# FROM ALLEN: How to switch to second tuner when recording OTA HD on main tuner.



## Allen Noland (Apr 23, 2002)

This is a work around for when a timer fires and your primary tuner is tuned to an OTA HD station. The PIP won't work so you can't Swap to the second tuner. I discovered it is possilbe to switch tuners if you always have SD recording in the DVR list.

Instructions.
Press the DVR button.
Select an SD recording.
Start it playing
Press the PIP button.
Press the Swap Button
Press the PIP button twice.
You should be on the second tuner watching an SD station.


----------



## Mark Lamutt (Mar 24, 2002)

Great job, Allen! Doing it that way had never occurred to me.


----------



## Mike D-CO5 (Mar 12, 2003)

Allen Noland said:


> This is a work around for when a timer fires and your primary tuner is tuned to an OTA HD station. The PIP won't work so you can't Swap to the second tuner. I discovered it is possilbe to switch tuners if you always have SD recording in the DVR list.
> 
> Instructions.
> Press the DVR button.
> ...


 You put your left foot in... then take your left foot out... twist all about .. You do the dish hokey pokey and that's what it's all about!

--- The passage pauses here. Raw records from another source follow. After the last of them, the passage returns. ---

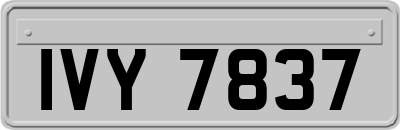 IVY7837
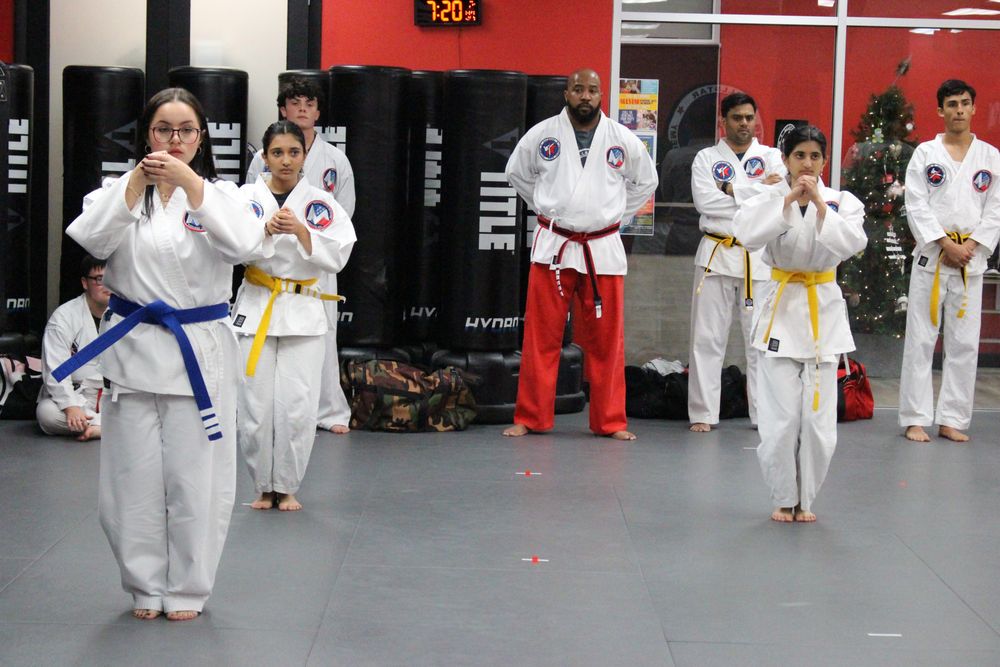 Allstar Martial Arts Academy Logo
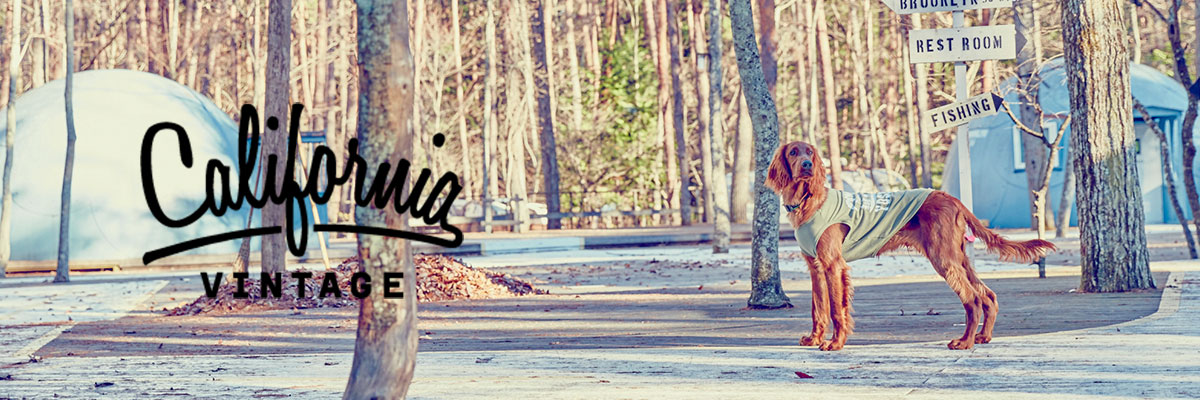 カリフォルニアヴィンテージ　犬服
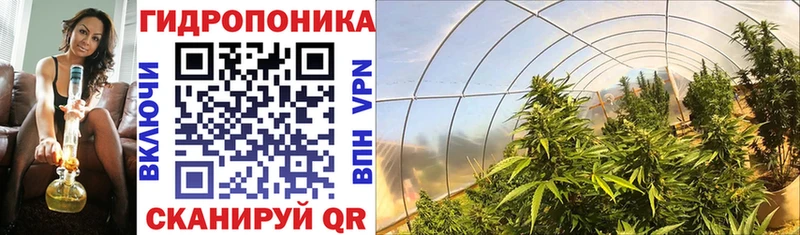 Каннабис Bruce Banner  Лянтор 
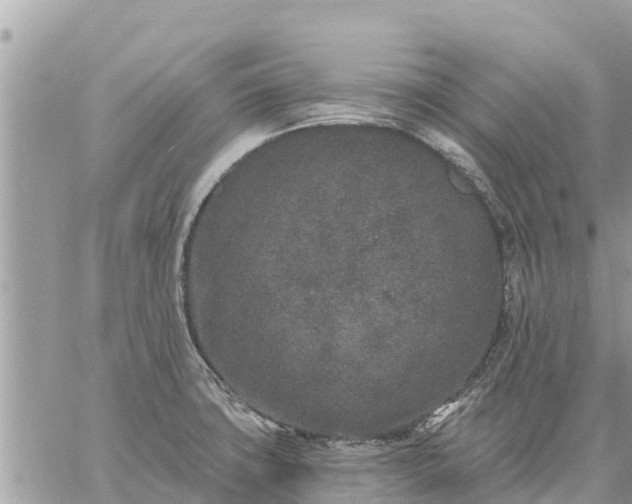 X0000059101427200510172108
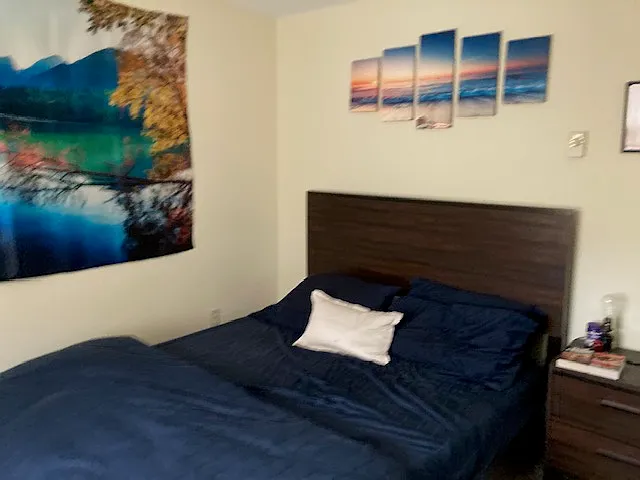 1 bed, 600 sqft, $1,225 — Photo 3
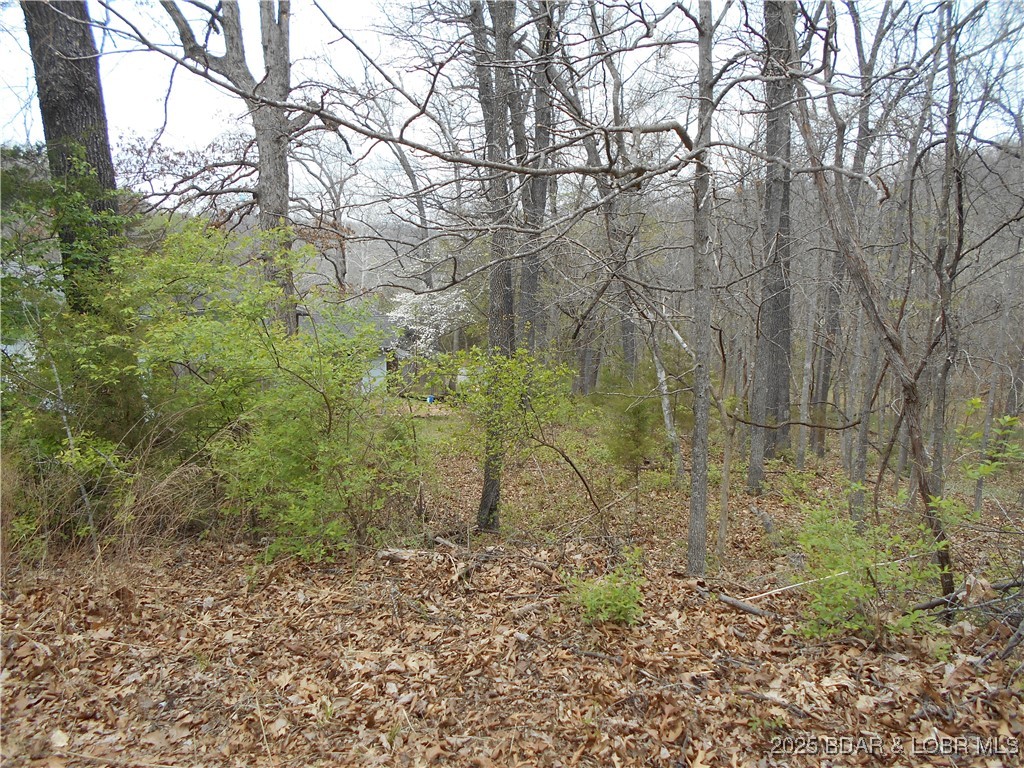 Camelot Estates - Land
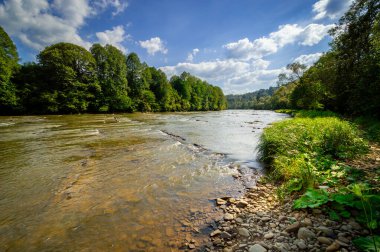 Taşlı sığ nehir, San Nehri, Bieszczady dağlarındaki San Valley, ormanla kaplı alçak dağ tepeleri, yaz sonu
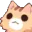 cat_excite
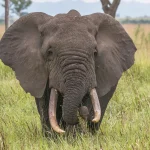 An African elephant facing the camera in tall grass, a nod to PHP’s elephant mascot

No really, it is a cool work around. It 's just to bad that we have to jump through all these hoops to work this receiver though.


----------



## dishbacker (Jun 15, 2004)

I've been searching for 20 minutes on this but just can't seem to find it. I remember this workaround being discussed last summer sometime I think. But, like I said, I can't find it.

I remember doing this a couple of times... back when I first got my box. One issue I had at that time was I didn't have any SD recordings to help switch.

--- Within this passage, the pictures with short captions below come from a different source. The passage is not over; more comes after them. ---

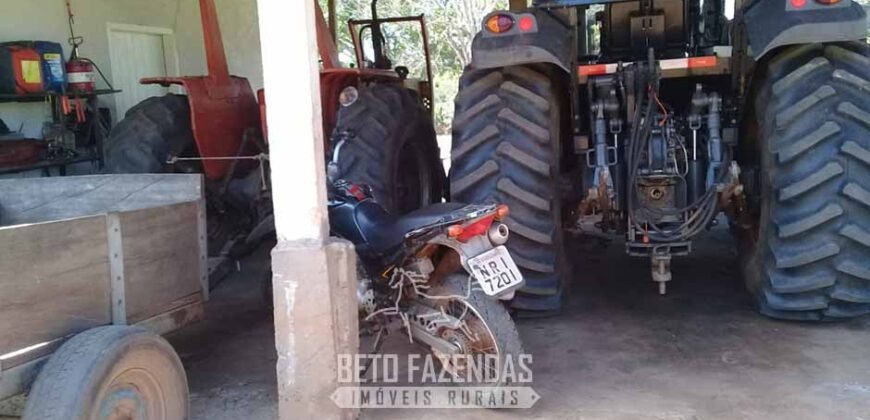 Fazenda à Venda 3.199 Hectares Florestal e Pecuária | Rio Grande do Sul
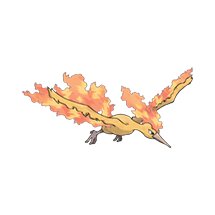 picture of a moltres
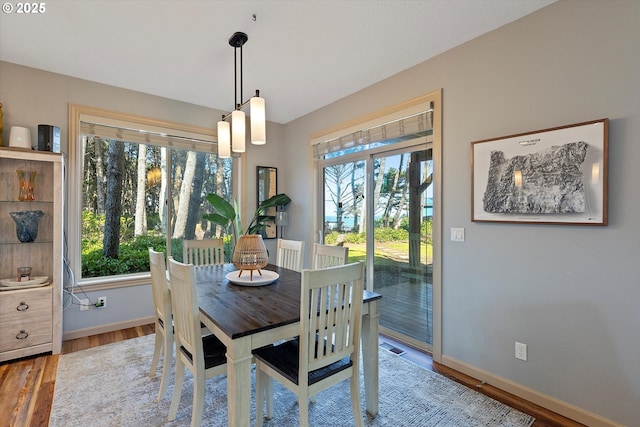 dining space with wood finished floors, baseboards, and a wealth of natural light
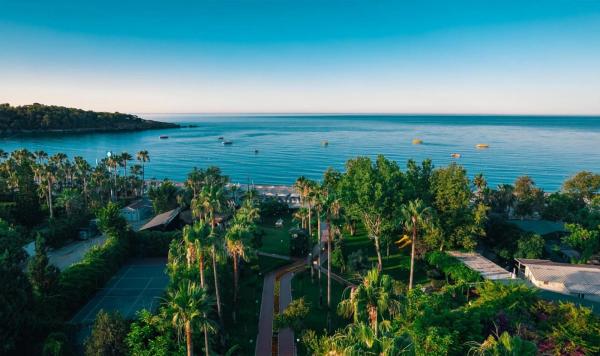 Meerblick Luftaufnahme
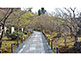 Stone Pavement Eikan-do Temple in Kyoto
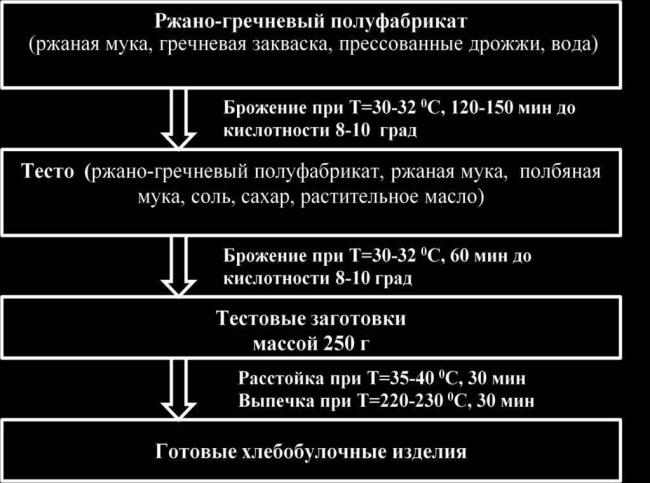 Полезные бактерии. роль и значение бактерий в жизни человека. фото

Another thing you can do instead of the PIP... Is while watching the SD recording, just hit guide, select a different channel and then you will be switched to that. Instead of having to do the PIP button.

I'll keep searching. I know its outhere somewhere.


----------



## dishbacker (Jun 15, 2004)

Here is something similar:

http://www.dbstalk.com/showpost.php?p=244487&postcount=13
and here: http://www.dbstalk.com/showthread.php?t=30456&highlight=Live+Mode

I believe previously you couldn't switch programs for any recording that started while you were watching it... SD or HD or OTA HD. They all stated the error: 'You are going to switch to Live Mode'. For SD, you could use PIP, For HD or OTA, you had to use the above workaround to get to an SD program.


----------



## dishbacker (Jun 15, 2004)

Guys, I really have to ask... how exactly do you create this issue? I was watching local CBS-HD for about 5 minutes before my timer fired for Everybody Loves Raymond. Got the pop-up stating that an OTA Timer was going to fire and asked if it could use the main tuner or cancel the timer. I selected Main Tuner and the Red Record light came on while I was watching. Waited about 2 minutes into the show, hit guide, went to CBS-HD from LA and selected it. I didn't get any pop-up stating it had to be in live mode... and my recording is still going right now.

Is this workaround ONLY for when you are doing a manual record of an event, otherwise it is not an issue? Does the receiver have to be in standby when the timer fires and then turn on the tuner and try to change the station? Just a bit lost on the issue.


----------